Quizás no sea de extrañar que muchos de nosotros ya estemos colgando las luces de colores, abasteciendo el congelador, pidiendo pavo con jamón y tarareando In The Bleak Midwinter.
Especialmente cuando estamos en el momento del año –la cuarta semana de noviembre– en el que ya sentimos los tentáculos del invierno. El día nunca es realmente brillante. La temperatura cae en picado al atardecer. Y se espera que la próxima semana, para la mayoría, traiga un serio enfriamiento.
La Navidad nos devuelve tranquilizadoramente a la infancia. A sus certezas y seguridad; aquellos años en los que los grandes nos cuidaban y no teníamos ningún peso de responsabilidad.
Incluso los viejos éxitos navideños (de David Essex, Wham! o Mariah Carey) pueden transportarte en un instante a alguna discoteca de quinto año.
Y están los ritos habituales, desde envolver apresuradamente los regalos hasta pelar las clementinas, lanzar el pavo en su viaje matutino (2 horas y media a 160 °C) y pasear brevemente con los perros mientras los niños exultantes corren en bicicletas nuevas y relucientes. .
También hay nostalgia. La mayoría de las grandes canciones navideñas son tristes. Este año habrá un lugar vacío en nuestra mesa; y quizás en el tuyo también. En la tabla de estrés vital elaborada por los expertos (desde la viudez hasta el despido), toda la palabrería navideña se sitúa en doce puntos.
Eso es peor que violaciones menores de la ley. Por no hablar de un enorme pastel que más que un tope de puerta es un alimento.
Mamá y papá se tensan en sus asientos mientras la pequeña Annie actúa en la obra de teatro del nacimiento de la escuela, o esas horribles cartas de todos contra todos alardeando sobre el ascenso de Alasdair, el pequeño y querido lugar en el Languedoc y la destreza de la joven Fiona con el fliscorno.
Lo extraño de la Navidad en Escocia es que en realidad somos bastante nuevos en ella. Cuando investigué un par de historias escolares, hace algunos años, me sorprendió no encontrar ni la más mínima referencia a la fiesta en sus registros o revistas anuales hasta la década de 1930.

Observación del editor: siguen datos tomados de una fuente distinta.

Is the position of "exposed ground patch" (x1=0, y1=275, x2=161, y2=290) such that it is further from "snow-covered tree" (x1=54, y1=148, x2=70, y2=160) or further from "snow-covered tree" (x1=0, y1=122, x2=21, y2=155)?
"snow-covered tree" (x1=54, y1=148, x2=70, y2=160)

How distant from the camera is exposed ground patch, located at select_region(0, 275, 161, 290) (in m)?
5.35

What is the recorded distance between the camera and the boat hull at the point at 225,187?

Escocia simplemente no celebró la Navidad. El primer servicio nocturno de Kirk no se celebró hasta después de la Segunda Guerra Mundial y la Navidad ni siquiera fue un día festivo aquí hasta 1972.
Algunas tradiciones religiosas –como los Presbiterianos Libres– todavía se niegan a tener nada que ver con esto y para muchos escoceses, y hasta donde tenemos memoria, el estallido serio y alegre se produjo en Año Nuevo.

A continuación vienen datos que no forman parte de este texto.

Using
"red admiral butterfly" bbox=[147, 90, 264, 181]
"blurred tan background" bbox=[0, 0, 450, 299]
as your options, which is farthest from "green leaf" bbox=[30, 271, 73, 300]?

Probablemente siga siendo el problema más importante en Stornoway, con servicios religiosos especiales y tiendas cerradas durante días y días, y mi difunto padre tenía cincuenta y tantos años antes de aceptar un árbol de Navidad en la casa.
Por supuesto, había poderosas fuerzas comerciales decididas a convertirlo en algo real.
En una ocasión, los famosos grandes almacenes Lewis’s de Glasgow alquilaron el barco de vapor Waverley para llevar a ‘Santa’ por el Clyde.
La transmisión anual del Soberano al Imperio (todavía teníamos una en ese entonces) comenzó en 1932 y atrajo aún más nuestra atención sobre Yule, y las décadas entre guerras vieron una explosión en la variedad de cómics, revistas y artículos de cuentos para niños, todos, en temporada, exuberante en la festividad navideña.
Muchos aspectos de la fiesta, tal como se celebra actualmente, pueden atribuirse sin vacilar a Charles Dickens, sobre todo porque su clásico de 1843, Un cuento de Navidad, tiene la duración perfecta para una película y ha sido debidamente filmado y refilmado para la pantalla. .
Las tiendas repletas de tentadoras provisiones, la escarcha y la nieve, la figura alegre y vestida con una túnica que es el fantasma de la Navidad presente, la ramita de acebo en el pudín, el pavo premiado, el llamado no sólo al banquete sino a la caridad, y la atención plena a Todos estamos peor que nosotros: todo está ahí.
Pero en esencia es una historia de redención: el viejo miserable y burlón tacaño que, al final de sus agotadoras aventuras, se ha convertido en un tipo muy diferente.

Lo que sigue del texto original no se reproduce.